Um die Verständlichkeit von Sprache in Standard-Mischungen zu verbessern und gleichzeitig eine gut klingende Mischung anzubieten, können Produzenten auf das sogenannte „Background Ducking“ zurückgreifen. Die Autoren des Papers definieren Ducking als „jedwede zeitlich variable Abschwächung des Hintergrunds, mit dem Ziel, die Sprache im Vordergrund klarer verständlich zu machen.“ Technische Details und Best Practice-Beispiele für gut abgestimmtes Ducking sind bisher allerdings weder in Mixing-Handbüchern noch in Empfehlungen der Rundfunkanstalten dokumentiert worden – meist gab die vorhandene Literatur lediglich den Tipp, dass Sprache im Vordergrund „verständlich“ und „klar“ sein soll. Insbesondere da das Fernsehpublikum immer älter wird und Barrierefreiheit dadurch einen immer höheren Stellenwert einnimmt, war es für die Autoren des Papers höchste Zeit, diese Situation zu ändern. Und so kam es zur ersten Studie über gewünschte Lautheitsunterschiede (loudness differences, LD) beim Ducking.
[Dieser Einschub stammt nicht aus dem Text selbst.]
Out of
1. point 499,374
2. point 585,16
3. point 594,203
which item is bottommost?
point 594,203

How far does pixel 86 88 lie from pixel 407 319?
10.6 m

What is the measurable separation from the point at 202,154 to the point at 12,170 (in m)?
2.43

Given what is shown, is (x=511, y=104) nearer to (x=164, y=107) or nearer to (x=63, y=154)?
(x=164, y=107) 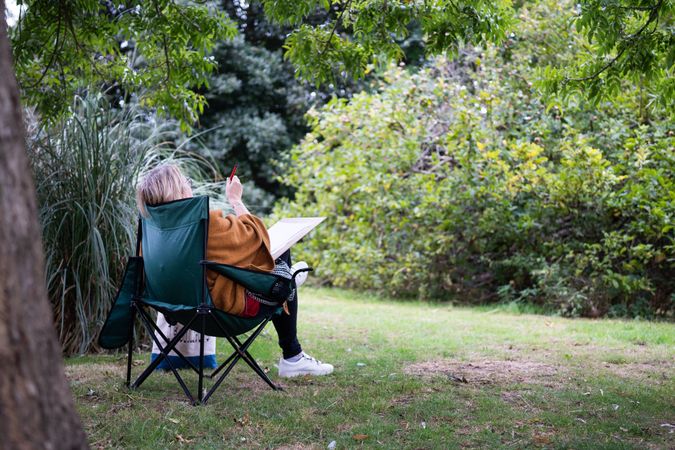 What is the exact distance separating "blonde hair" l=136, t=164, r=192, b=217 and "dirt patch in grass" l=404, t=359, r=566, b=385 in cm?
185

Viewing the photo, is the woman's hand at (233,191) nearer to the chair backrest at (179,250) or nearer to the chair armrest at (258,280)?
the chair backrest at (179,250)

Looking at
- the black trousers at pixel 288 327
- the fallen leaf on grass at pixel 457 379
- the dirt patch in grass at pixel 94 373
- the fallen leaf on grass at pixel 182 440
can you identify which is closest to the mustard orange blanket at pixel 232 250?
the black trousers at pixel 288 327

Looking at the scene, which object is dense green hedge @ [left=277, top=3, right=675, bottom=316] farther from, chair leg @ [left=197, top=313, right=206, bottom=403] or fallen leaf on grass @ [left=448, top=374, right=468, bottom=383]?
chair leg @ [left=197, top=313, right=206, bottom=403]

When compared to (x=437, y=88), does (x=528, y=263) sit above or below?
below

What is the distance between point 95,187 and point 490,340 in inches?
130

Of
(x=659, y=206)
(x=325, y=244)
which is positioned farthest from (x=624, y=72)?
(x=325, y=244)

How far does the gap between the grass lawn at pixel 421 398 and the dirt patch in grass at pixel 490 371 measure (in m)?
0.01

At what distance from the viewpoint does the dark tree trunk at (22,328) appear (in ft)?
4.72

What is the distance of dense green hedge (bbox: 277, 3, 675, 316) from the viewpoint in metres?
7.44

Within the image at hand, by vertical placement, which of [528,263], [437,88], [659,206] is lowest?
[528,263]

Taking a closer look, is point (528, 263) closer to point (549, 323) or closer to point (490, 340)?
point (549, 323)

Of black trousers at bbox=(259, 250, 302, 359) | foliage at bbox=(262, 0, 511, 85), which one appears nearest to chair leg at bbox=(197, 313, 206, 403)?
black trousers at bbox=(259, 250, 302, 359)

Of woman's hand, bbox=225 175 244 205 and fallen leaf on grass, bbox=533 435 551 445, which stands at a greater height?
woman's hand, bbox=225 175 244 205

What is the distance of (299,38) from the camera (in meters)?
4.60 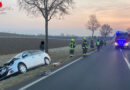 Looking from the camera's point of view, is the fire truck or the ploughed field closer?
the ploughed field

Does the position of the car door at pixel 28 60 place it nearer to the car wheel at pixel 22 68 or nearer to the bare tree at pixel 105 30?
the car wheel at pixel 22 68

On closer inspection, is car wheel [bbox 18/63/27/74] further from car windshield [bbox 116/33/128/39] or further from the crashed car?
car windshield [bbox 116/33/128/39]

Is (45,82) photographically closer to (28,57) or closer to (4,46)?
(28,57)

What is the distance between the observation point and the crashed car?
12930 millimetres

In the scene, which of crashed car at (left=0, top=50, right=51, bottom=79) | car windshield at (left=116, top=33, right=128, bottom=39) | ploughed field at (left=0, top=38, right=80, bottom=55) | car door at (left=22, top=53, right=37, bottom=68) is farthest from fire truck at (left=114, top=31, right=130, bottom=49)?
car door at (left=22, top=53, right=37, bottom=68)

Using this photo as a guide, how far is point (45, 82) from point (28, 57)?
17.9 ft

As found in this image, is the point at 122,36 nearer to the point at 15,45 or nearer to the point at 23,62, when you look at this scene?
the point at 15,45

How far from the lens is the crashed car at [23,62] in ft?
42.4

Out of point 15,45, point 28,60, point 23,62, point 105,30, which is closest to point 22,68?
point 23,62

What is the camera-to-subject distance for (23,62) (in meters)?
13.9

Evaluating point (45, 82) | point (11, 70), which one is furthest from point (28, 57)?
point (45, 82)

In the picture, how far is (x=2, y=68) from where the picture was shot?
42.9 feet

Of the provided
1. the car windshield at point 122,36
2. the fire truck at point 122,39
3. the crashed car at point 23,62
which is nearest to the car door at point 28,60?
the crashed car at point 23,62

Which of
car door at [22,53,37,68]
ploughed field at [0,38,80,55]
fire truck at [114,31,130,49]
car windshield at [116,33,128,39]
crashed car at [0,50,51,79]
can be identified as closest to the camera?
crashed car at [0,50,51,79] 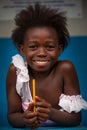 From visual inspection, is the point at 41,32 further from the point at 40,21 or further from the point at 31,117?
the point at 31,117

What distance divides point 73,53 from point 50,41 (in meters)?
0.43

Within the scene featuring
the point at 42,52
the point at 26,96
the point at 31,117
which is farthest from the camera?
the point at 26,96

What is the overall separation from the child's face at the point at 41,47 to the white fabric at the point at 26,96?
6 cm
Frühere Arbeiten haben sich lediglich mit einem statischen Hintergrund-Level beschäftigt, nicht aber mit Ducking. Dieses Paper analysiert daher zunächst gebräuchliche Ducking-Methoden aus einer Stichprobe mehrerer TV-Dokumentationen, und dann die Ergebnisse eines subjektiven Tests, den Alex Freke-Morin im Rahmen seiner Abschlussarbeit am Fraunhofer IIS durchgeführt hat. Hier wurden die Vorlieben von 22 Probanden mit normalem Gehör (elf davon Experten, z.B. Toningenieure) betreffend der Lautheitsunterschiede zwischen Sprache und Hintergrund beim Ducking untersucht. Außerdem wurden Arbeiten, die sich mit ähnlichen Themen beschäftigen, analysiert und mit den eigenen Ergebnissen verglichen.
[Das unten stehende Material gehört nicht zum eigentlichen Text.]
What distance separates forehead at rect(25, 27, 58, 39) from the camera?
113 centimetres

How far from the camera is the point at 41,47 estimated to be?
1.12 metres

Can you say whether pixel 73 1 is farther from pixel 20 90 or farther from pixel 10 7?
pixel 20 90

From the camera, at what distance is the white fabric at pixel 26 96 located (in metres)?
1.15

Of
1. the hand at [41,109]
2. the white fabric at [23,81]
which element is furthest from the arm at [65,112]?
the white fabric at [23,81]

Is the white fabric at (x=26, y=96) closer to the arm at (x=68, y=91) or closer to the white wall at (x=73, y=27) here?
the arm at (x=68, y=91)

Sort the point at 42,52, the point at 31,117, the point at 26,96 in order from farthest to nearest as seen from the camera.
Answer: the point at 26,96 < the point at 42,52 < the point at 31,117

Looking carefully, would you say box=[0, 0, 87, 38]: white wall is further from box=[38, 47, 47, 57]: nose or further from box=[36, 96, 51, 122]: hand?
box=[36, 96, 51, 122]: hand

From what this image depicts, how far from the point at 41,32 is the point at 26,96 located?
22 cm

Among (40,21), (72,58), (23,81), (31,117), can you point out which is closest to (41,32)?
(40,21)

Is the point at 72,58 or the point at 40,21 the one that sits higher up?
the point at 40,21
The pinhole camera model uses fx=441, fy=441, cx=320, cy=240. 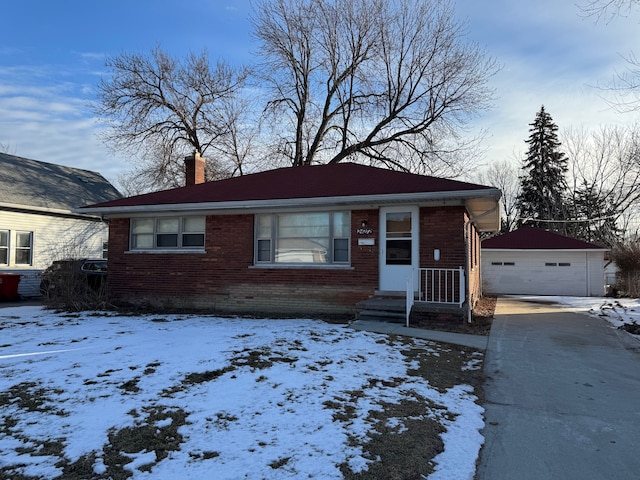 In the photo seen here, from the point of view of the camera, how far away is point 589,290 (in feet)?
69.9

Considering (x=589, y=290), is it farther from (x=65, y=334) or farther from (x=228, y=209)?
(x=65, y=334)

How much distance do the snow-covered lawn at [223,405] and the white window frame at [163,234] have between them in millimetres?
4863

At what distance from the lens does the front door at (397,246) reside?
34.0ft

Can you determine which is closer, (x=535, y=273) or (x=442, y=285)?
(x=442, y=285)

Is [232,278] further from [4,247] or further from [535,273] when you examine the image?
[535,273]

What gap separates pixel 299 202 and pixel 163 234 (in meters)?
4.48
Eines der hervorstechendsten Ergebnisse des Tests zeigt, dass ein signifikanter Unterschied zwischen den Präferenzen der Experten und Nicht-Experten besteht. Im Durchschnitt bevorzugen die Nicht-Experten Lautheitsunterschiede, die vier LU (loudness units) höher liegen als die präferierten Werte der Experten – letztere produzieren bekanntlich die Audiomixes. Auf diesen Resultaten aufbauend empfehlen die Autoren für einen ästhetisch zufriedenstellenden Standard-Mix mit gleichzeitig klarer Sprache einen Lautheitsunterschied von mindestens 10 LU wenn Musik den Hintergrund bildet, und 15 LU für mit Atmosphäre unterlegtem Kommentar.

“Es gibt so viele Beispiele im TV, die unter diesen Werten bleiben und bei denen darum der Hintergrund sehr laut ist. Das mag zwar wirklich toll gemacht und unterhaltsam sein, aber es ist dann keine Überraschung, wenn die Verständlichkeit nach unten geht. Ein lauter Hintergrund aus künstlerischen Gründen ist absolut in Ordnung, aber Toningenieure müssen sich darüber im Klaren sein, dass sie damit einen Teil der Zuschauer verlieren können – außer diese nutzen zuhause die MPEG-H-Technologie“, schlussfolgert Autor Matteo Torcoli.

Das ausgezeichnete Paper ist als „Open Access“-Dokument in der AES e-Bibliothek verfügbar.